# Extracted entries:
===
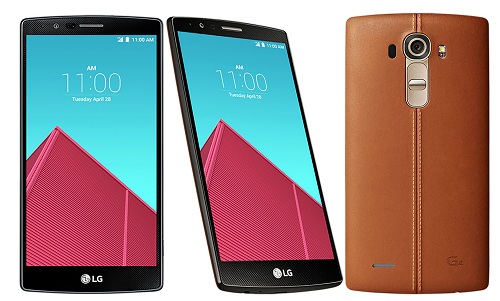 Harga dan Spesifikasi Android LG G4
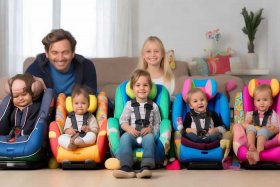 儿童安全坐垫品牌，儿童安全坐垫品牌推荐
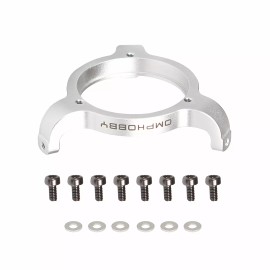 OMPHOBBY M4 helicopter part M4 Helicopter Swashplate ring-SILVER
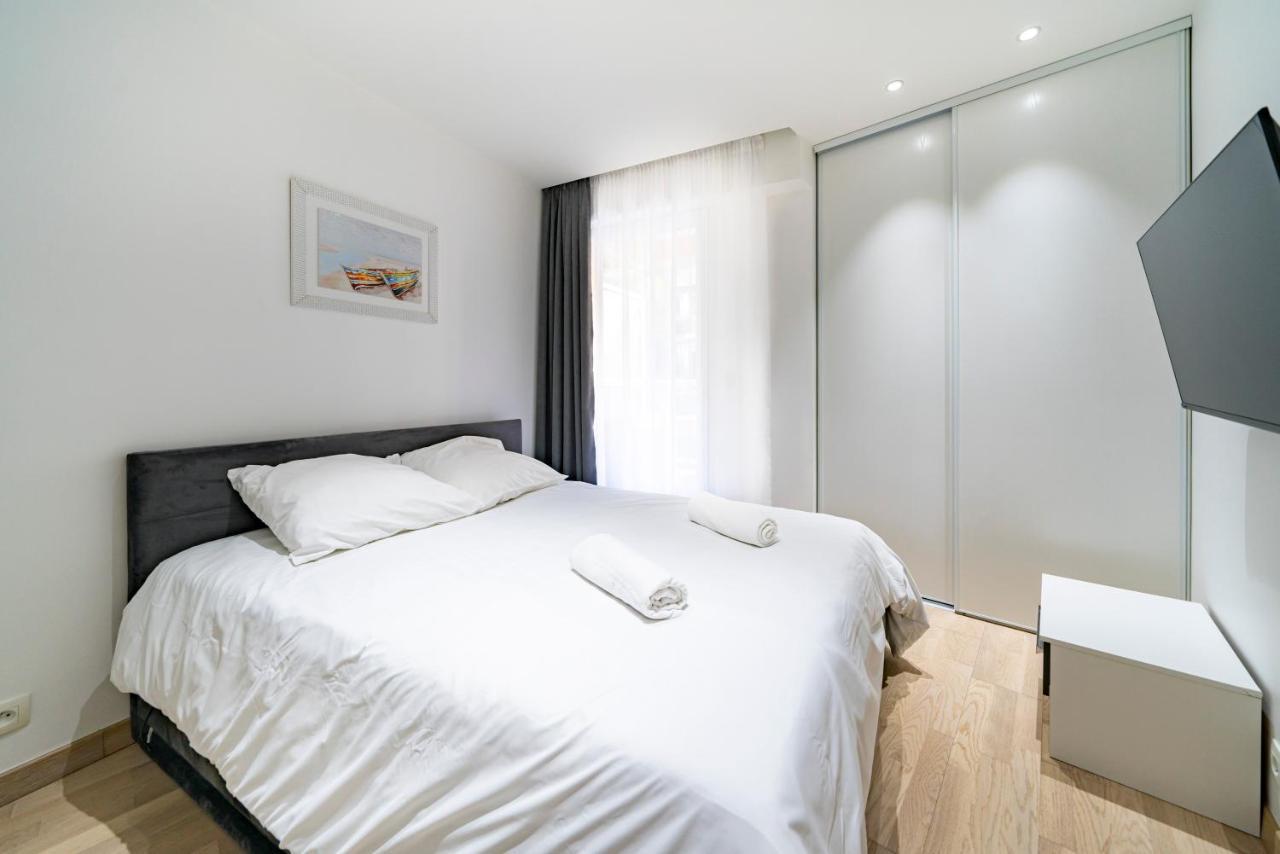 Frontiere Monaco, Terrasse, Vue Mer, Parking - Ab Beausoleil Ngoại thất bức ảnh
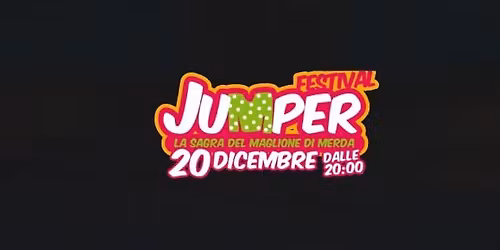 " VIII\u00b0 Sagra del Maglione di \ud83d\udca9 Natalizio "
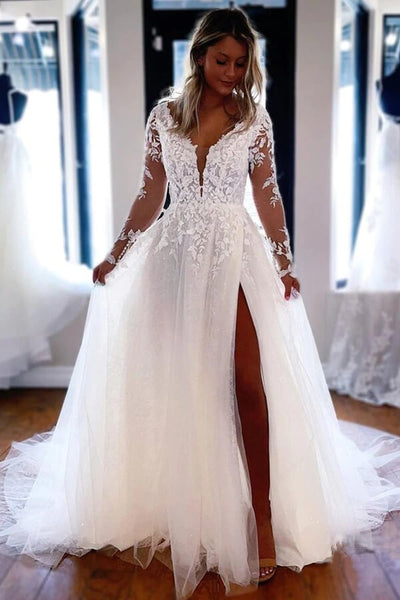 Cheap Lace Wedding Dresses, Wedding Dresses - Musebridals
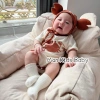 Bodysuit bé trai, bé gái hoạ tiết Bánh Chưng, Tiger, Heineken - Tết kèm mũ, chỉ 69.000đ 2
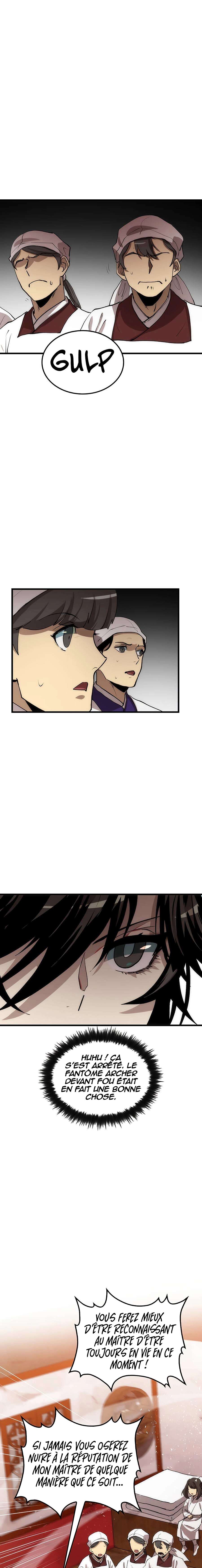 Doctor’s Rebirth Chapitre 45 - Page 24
===
# What this task involves:
Each line above that falls between the line with "儿童安全坐垫品牌，儿童安全坐垫品牌推荐" and the line with "VIII\u00b0 Sagra del" should be printed exactly, together with those two lines, but the pictures should not.

# Result:
 儿童安全坐垫品牌，儿童安全坐垫品牌推荐
 OMPHOBBY M4 helicopter part M4 Helicopter Swashplate ring-SILVER
 Frontiere Monaco, Terrasse, Vue Mer, Parking - Ab Beausoleil Ngoại thất bức ảnh
 " VIII\u00b0 Sagra del Maglione di \ud83d\udca9 Natalizio "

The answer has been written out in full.